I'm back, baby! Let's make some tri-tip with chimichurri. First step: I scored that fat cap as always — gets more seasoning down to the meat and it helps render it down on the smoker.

* * *

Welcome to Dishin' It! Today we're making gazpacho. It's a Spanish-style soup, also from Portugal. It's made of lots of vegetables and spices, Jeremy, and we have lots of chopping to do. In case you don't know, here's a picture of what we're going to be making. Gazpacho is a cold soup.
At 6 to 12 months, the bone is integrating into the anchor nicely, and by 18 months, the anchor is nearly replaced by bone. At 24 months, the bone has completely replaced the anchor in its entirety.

REQUIRED WORK: From the line containing "Welcome to Dishin'" down to the line containing "At 6 to 12 months, the" in the material above, reproduce every line exactly, including the two end lines.

OUTPUT BELOW:
Welcome to Dishin' It! Today we're making gazpacho. It's a Spanish-style soup, also from Portugal. It's made of lots of vegetables and spices, Jeremy, and we have lots of chopping to do. In case you don't know, here's a picture of what we're going to be making. Gazpacho is a cold soup.
At 6 to 12 months, the bone is integrating into the anchor nicely, and by 18 months, the anchor is nearly replaced by bone. At 24 months, the bone has completely replaced the anchor in its entirety.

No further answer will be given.